Cuba a toujours soutenu les peuples opprimés !
Soutenons nos frères et sœurs cubains !
Parmi les cibles privilégiées de Trump et ses vassaux, Cuba, pays socialiste et indépendant depuis 1959, n’est pas un pays pétrolier, ni, évidemment, une puissance rivale. Alors pourquoi un tel acharnement ?
Avec le renforcement barbare du blocus que les USA exercent sur cette île des Caraïbes depuis 1961, mettant une pression maximale aujourd’hui sur tout Etat tenté de venir en aide au peuple cubain désormais coupé de tout, c’est clairement une famine que cherchent à provoquer les USA, dans leur fuite en avant génocidaire tous azimuts.
Un peu d’histoire s’impose pour comprendre ce qui se joue en ce moment.
Depuis la victoire de sa révolution en 1959, Cuba, son peuple, son État, n’ont jamais cessé d’agir concrètement pour tous les peuples opprimés, sur tous les continents, malgré les agressions militaires et économiques permanentes de l’occident impérialiste, malgré des ressources parfois difficiles à trouver, en particulier après la disparition en 1991 de son partenaire économique privilégié, l’URSS.
En 1966, c’est à la Havane que se tient la célèbre conférence des peuples en lutte contre le colonialisme : 82 pays, 500 délégués, pour un sommet historique, l’Organisation de solidarité des peuples d’Asie, d’Afrique et d’Amérique Latine, ou Conférence de la Tricontinentale. Dès 1970, Cuba soutient le Chili d’Allende en organisant des convois alimentaires et médicaux et en acheminant du matériel industriel, contournant ainsi les lock-out organisés par les fascistes et la CIA.
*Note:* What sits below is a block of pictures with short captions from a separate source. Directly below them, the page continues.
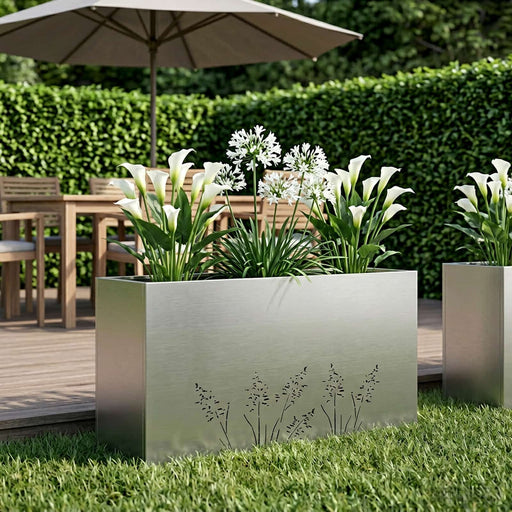 Vază pentru Grădină Argintiu 100 x 30 x 49 cm Oţel inoxidabil - WALTI WALTI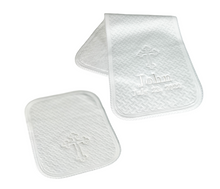 Load image into Gallery viewer, Explore Marcela’s burp cloth, ensuring your baby stays dry and comfy on their special day, customizable with their name or monogram.
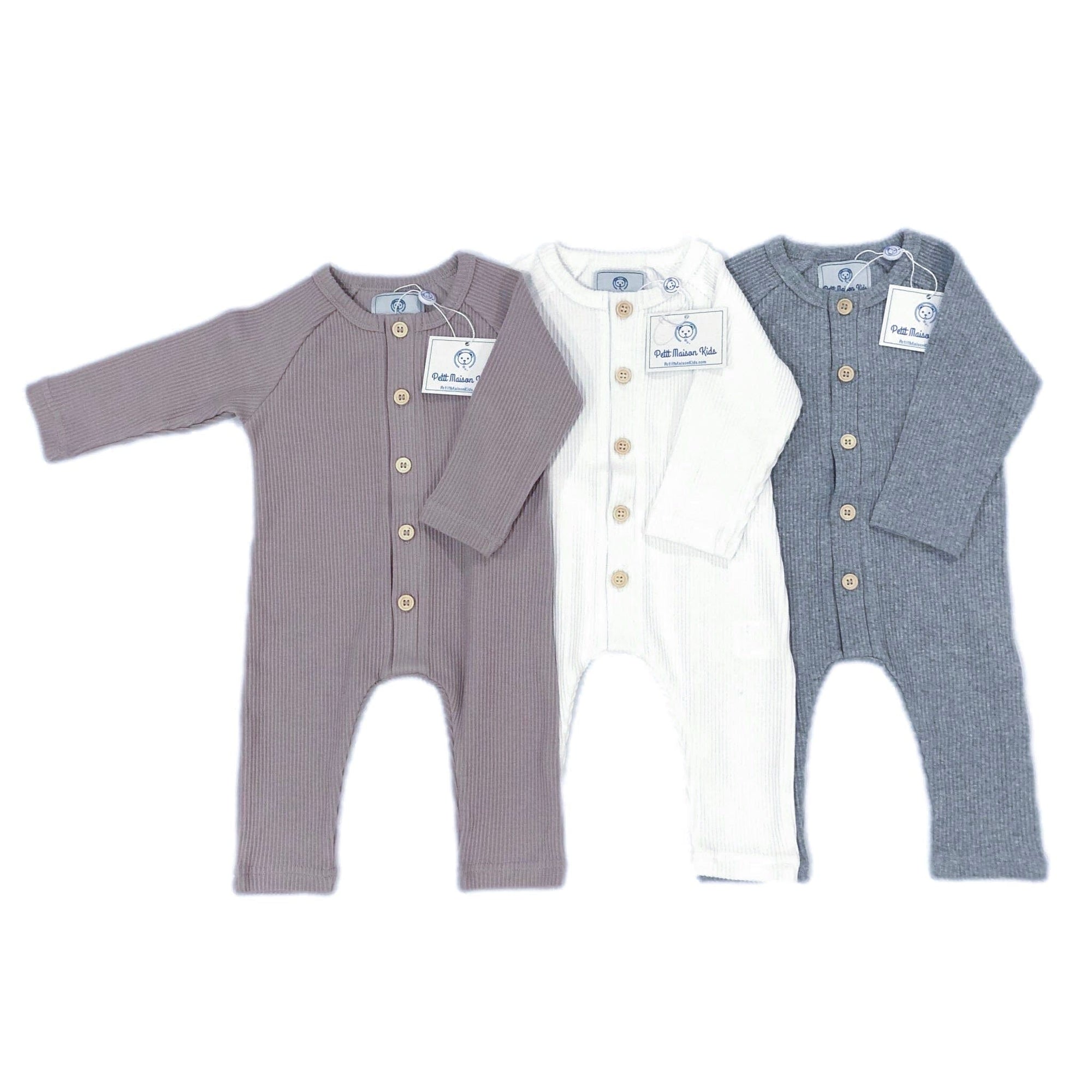 Unisex | Ribbed Cotton Playsuit | White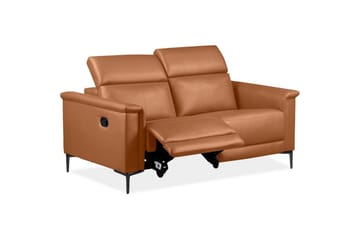 2-sitssoffa Lund Cognac, Läder/PU, Manuell vilstol - Cognac, Läder/PU, Manuell vilstol - Möbler - Vardagsrum - Soffor - Reclinersoffor & Biosoffor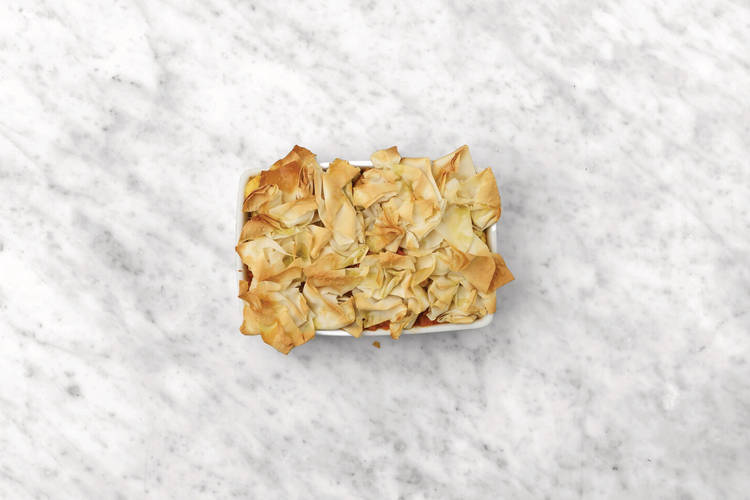 Add the filo pastry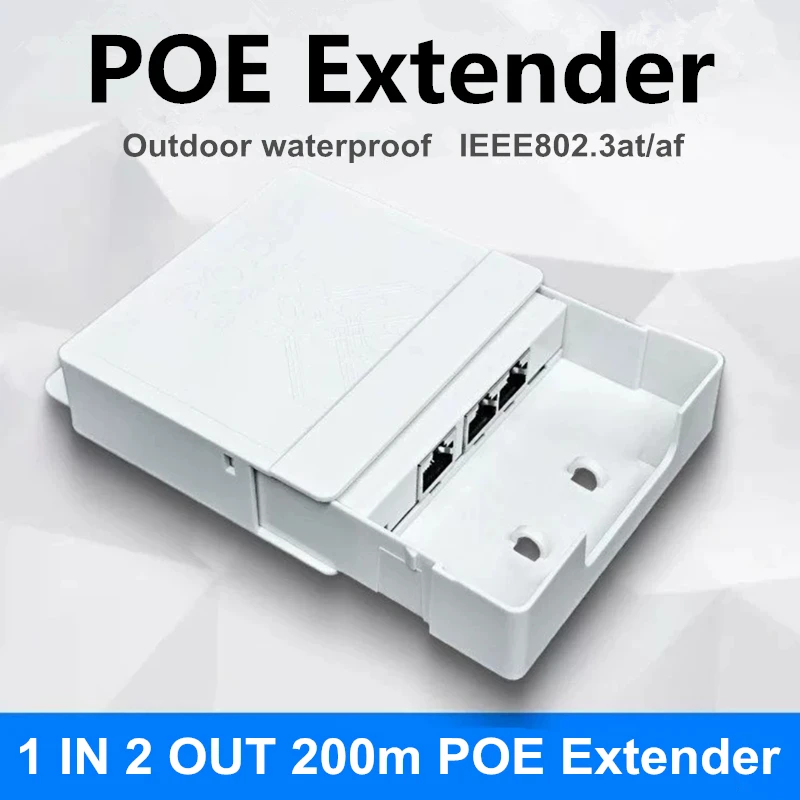 

POE Extender Outdoor Waterproof 200m Extension 1 In 2 Output 48V POE Repeater IEEE802.3at/af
Elle sera en première ligne quand il s’agira d’accueillir les exilés politiques chiliens persécutés par Pinochet et les USA. Pendant toute la guerre du Vietnam, Cuba n’a cessé d’envoyer sur place des contingents de techniciens, de médecins, d’ouvriers en charge de reconstruire ce que les génocidaires yankees ne cessaient de bombarder. Fidel Castro fut le premier chef d’Etat à rendre visite au peuple vietnamien libre en 1973. Cette aide a été fournie durant des années aux peuples opprimés du Nicaragua, du Salvador, mais aussi d’Algérie et d’autres pays africains. 1987 marque à Cuito Cuanavale une grande victoire de l’armée cubaine, solidaire du peuple angolais dans sa lutte de libération contre les armées payées par Reagan et les fascistes sud-africains.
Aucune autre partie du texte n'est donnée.